Ce qui m’interpelle davantage, ce sont ses revenus littéraires : 58 449 euros entre 2009 et 2011. Une belle somme qui témoigne d’une activité intellectuelle lucrative, probablement liée à ses nombreuses publications politiques et historiques. Ces revenus éditoriaux montrent un homme qui a su capitaliser sur son expertise politique.
Sa déclaration à la HATVP s’inscrit dans le cadre de la loi de 2013 sur la transparence, adoptée après l’affaire Cahuzac.
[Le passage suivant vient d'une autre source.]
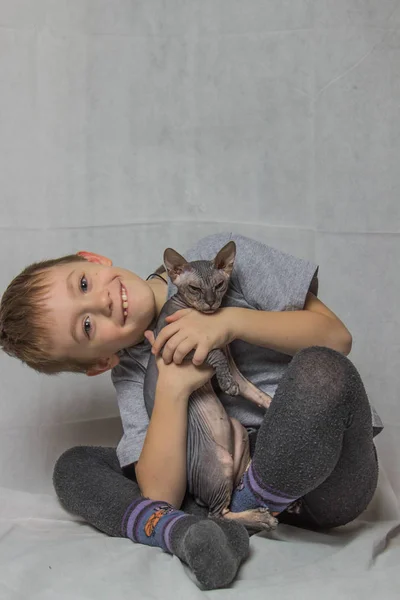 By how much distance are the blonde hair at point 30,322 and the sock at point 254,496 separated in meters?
0.38

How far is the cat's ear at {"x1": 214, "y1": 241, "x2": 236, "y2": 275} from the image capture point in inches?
51.3

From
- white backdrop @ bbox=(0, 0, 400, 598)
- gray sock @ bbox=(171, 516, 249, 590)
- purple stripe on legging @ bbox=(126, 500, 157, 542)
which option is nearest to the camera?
gray sock @ bbox=(171, 516, 249, 590)

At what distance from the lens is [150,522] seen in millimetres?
1248

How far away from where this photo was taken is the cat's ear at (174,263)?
1316 mm

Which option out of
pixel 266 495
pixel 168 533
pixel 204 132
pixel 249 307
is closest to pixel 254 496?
pixel 266 495

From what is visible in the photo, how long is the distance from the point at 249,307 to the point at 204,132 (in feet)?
1.99

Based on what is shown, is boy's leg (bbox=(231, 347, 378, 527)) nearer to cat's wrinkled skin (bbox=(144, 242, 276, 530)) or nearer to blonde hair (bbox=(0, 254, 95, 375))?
cat's wrinkled skin (bbox=(144, 242, 276, 530))

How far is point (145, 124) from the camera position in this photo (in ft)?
5.98

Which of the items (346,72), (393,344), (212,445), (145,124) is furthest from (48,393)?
(346,72)

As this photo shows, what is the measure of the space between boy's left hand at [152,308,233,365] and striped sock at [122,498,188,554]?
0.26 metres

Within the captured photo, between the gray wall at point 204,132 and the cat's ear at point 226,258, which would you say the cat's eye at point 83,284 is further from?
the gray wall at point 204,132

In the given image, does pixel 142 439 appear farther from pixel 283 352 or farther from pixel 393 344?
pixel 393 344

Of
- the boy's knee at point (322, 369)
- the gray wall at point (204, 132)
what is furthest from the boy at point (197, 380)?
the gray wall at point (204, 132)

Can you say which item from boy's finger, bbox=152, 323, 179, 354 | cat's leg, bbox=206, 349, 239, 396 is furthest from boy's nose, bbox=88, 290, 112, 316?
cat's leg, bbox=206, 349, 239, 396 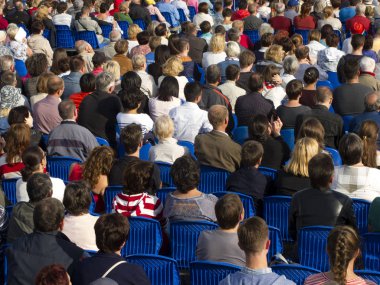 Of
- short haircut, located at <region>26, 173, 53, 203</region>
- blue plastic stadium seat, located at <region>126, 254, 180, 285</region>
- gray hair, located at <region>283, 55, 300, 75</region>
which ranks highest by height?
gray hair, located at <region>283, 55, 300, 75</region>

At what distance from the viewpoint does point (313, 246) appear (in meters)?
7.47

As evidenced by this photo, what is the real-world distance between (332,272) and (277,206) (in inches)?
96.6

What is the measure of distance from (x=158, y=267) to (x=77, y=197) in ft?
3.50

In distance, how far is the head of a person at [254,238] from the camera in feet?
20.0

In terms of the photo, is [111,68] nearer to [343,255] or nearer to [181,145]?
[181,145]

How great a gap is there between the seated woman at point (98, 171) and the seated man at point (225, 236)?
196 cm

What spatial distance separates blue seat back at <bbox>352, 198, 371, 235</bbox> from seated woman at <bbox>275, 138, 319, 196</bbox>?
67cm

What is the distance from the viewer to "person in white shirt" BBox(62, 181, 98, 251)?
757 cm

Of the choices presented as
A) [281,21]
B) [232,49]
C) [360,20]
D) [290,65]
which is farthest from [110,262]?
[281,21]

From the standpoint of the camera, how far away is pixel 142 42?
15289 millimetres

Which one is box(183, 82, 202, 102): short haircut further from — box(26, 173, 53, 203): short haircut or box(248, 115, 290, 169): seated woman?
box(26, 173, 53, 203): short haircut

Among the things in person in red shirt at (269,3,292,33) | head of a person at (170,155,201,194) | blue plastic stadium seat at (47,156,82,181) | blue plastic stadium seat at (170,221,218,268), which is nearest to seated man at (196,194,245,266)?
blue plastic stadium seat at (170,221,218,268)

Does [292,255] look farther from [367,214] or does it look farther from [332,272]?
[332,272]

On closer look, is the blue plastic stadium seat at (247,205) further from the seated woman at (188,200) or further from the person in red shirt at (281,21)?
the person in red shirt at (281,21) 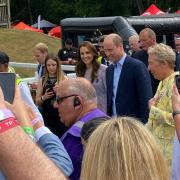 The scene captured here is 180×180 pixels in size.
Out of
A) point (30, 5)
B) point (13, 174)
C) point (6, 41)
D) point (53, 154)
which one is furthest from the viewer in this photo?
point (30, 5)

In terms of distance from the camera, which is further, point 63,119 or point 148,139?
point 63,119

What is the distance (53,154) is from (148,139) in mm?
900

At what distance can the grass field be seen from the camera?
2872 cm

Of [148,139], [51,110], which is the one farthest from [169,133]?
[51,110]

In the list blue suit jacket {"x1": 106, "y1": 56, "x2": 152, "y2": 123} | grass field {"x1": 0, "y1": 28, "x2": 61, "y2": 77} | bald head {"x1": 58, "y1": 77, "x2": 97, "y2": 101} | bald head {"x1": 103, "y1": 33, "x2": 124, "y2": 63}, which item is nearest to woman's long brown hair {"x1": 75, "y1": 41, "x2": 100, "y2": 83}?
bald head {"x1": 103, "y1": 33, "x2": 124, "y2": 63}

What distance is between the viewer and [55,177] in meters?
1.58

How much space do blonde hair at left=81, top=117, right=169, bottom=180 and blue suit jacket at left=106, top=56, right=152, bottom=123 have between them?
4550 millimetres

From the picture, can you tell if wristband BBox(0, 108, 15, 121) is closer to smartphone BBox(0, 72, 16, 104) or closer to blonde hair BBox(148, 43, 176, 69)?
smartphone BBox(0, 72, 16, 104)

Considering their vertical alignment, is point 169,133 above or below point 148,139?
below

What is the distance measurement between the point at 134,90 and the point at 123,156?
15.9 feet

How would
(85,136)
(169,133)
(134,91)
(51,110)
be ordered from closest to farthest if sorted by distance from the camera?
(85,136) < (169,133) < (134,91) < (51,110)

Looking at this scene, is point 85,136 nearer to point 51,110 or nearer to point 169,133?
point 169,133

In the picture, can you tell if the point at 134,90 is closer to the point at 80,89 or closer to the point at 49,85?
the point at 49,85

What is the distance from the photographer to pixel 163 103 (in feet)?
16.7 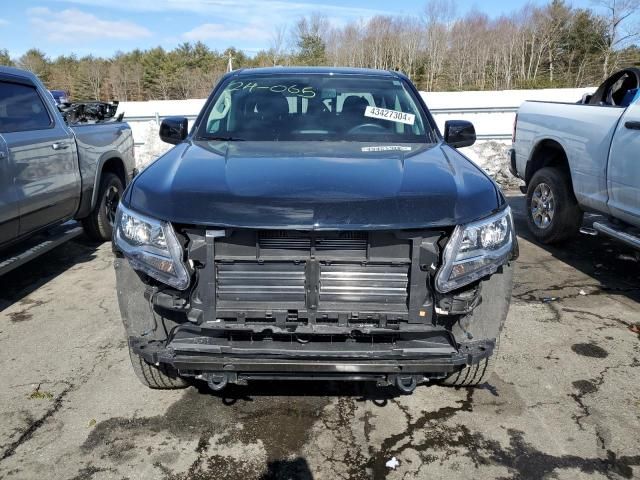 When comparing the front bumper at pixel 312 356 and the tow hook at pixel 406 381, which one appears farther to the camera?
the tow hook at pixel 406 381

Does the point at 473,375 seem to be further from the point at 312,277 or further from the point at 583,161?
the point at 583,161

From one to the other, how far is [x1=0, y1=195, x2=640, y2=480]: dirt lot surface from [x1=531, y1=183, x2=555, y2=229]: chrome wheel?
2.01 meters

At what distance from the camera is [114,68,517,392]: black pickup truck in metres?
2.37

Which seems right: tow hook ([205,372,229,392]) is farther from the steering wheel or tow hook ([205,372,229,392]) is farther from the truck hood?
the steering wheel

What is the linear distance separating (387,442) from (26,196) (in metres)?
3.66

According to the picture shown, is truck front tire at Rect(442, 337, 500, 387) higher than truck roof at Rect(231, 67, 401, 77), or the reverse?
truck roof at Rect(231, 67, 401, 77)

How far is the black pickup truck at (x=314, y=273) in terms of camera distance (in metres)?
2.37

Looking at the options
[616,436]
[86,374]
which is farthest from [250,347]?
[616,436]

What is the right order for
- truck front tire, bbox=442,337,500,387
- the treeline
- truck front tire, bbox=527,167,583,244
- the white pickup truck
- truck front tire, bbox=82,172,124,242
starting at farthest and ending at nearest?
1. the treeline
2. truck front tire, bbox=82,172,124,242
3. truck front tire, bbox=527,167,583,244
4. the white pickup truck
5. truck front tire, bbox=442,337,500,387

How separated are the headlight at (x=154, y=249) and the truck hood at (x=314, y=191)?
0.19 ft

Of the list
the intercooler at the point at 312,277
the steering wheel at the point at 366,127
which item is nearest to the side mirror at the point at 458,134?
the steering wheel at the point at 366,127

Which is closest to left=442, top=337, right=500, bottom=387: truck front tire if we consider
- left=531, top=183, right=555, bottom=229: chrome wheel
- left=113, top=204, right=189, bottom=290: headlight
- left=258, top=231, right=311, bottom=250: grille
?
left=258, top=231, right=311, bottom=250: grille

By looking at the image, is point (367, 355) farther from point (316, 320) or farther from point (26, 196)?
point (26, 196)

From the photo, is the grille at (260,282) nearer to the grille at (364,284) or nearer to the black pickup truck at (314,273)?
the black pickup truck at (314,273) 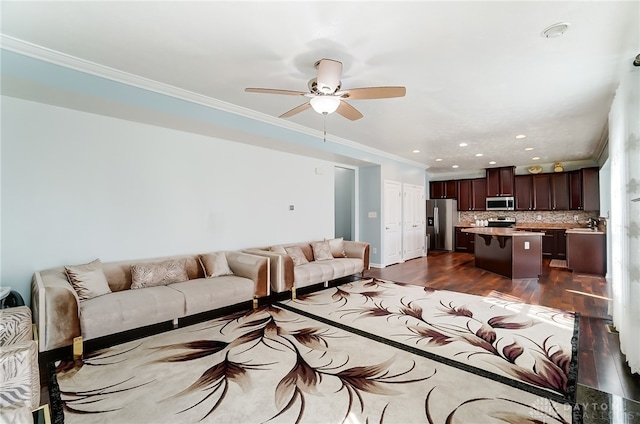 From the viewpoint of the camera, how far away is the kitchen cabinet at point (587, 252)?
245 inches

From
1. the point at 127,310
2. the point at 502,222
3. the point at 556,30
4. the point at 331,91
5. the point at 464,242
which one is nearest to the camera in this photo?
the point at 556,30

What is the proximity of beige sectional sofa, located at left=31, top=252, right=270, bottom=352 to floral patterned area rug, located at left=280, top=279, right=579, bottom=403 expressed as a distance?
0.88 m

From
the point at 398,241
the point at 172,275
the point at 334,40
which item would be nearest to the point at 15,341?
the point at 172,275

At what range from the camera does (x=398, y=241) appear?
7.74 m

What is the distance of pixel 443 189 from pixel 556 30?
28.1 feet

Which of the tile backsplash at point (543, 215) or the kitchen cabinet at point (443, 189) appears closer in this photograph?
the tile backsplash at point (543, 215)

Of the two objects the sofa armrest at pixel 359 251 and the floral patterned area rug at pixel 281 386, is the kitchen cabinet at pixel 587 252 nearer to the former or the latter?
the sofa armrest at pixel 359 251

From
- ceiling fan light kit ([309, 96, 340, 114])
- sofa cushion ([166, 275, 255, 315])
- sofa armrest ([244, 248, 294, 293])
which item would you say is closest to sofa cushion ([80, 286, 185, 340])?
sofa cushion ([166, 275, 255, 315])

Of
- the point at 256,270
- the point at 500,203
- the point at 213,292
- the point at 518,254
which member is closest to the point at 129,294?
the point at 213,292

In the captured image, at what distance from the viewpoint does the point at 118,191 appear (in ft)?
12.3

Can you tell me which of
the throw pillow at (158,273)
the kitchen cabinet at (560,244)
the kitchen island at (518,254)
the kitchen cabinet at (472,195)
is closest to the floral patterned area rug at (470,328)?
the throw pillow at (158,273)

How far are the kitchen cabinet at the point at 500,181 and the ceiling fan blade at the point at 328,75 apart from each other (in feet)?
27.5

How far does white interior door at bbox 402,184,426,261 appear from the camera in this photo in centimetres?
805

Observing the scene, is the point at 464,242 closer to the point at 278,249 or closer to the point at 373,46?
the point at 278,249
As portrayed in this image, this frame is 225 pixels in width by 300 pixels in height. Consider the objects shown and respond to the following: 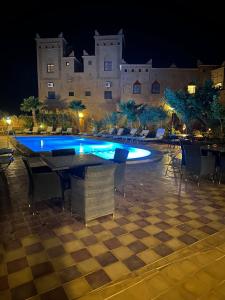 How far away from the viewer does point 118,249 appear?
2.66 metres

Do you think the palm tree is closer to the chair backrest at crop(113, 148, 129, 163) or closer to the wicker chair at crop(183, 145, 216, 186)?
the wicker chair at crop(183, 145, 216, 186)

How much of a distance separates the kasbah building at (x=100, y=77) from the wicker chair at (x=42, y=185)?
2033 cm

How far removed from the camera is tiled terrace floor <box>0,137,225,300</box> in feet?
6.78

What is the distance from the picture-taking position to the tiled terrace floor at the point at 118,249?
6.78 ft

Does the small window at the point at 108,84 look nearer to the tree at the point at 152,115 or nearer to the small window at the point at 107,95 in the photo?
the small window at the point at 107,95

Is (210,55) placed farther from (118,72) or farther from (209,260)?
(209,260)

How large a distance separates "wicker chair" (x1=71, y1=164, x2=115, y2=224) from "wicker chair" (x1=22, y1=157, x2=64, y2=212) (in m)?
0.54

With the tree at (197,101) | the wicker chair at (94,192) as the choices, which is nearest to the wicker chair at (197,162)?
the wicker chair at (94,192)

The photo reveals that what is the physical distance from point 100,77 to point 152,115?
9.20 metres

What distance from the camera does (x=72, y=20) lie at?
28047 millimetres

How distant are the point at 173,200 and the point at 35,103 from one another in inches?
821

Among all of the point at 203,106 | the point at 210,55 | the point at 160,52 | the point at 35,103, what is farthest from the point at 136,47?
the point at 203,106

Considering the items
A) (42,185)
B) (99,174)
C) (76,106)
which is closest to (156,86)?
(76,106)

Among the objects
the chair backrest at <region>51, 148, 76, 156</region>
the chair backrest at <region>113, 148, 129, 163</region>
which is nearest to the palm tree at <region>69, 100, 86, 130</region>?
the chair backrest at <region>51, 148, 76, 156</region> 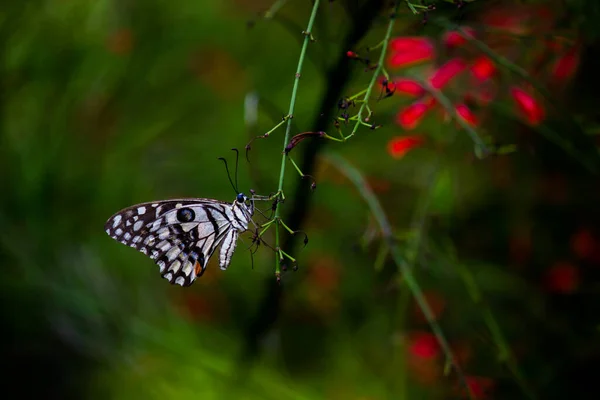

Un contexte qui donne tout son sens à ces révélations patrimoniales. François Bayrou a été déchargé de tout sujet concernant Pau, l’agglomération, l’élevage de chevaux et la nomination de magistrats, évitant ainsi les conflits d’intérêts.
Cette transparence patrimoniale reste un exercice délicat pour nos dirigeants. Elle révèle autant qu’elle cache, créant parfois plus de questions qu’elle n’apporte de réponses. Dans le cas de François Bayrou, elle dessine le portrait d’un homme aux revenus diversifiés mais somme toute modestes pour son rang.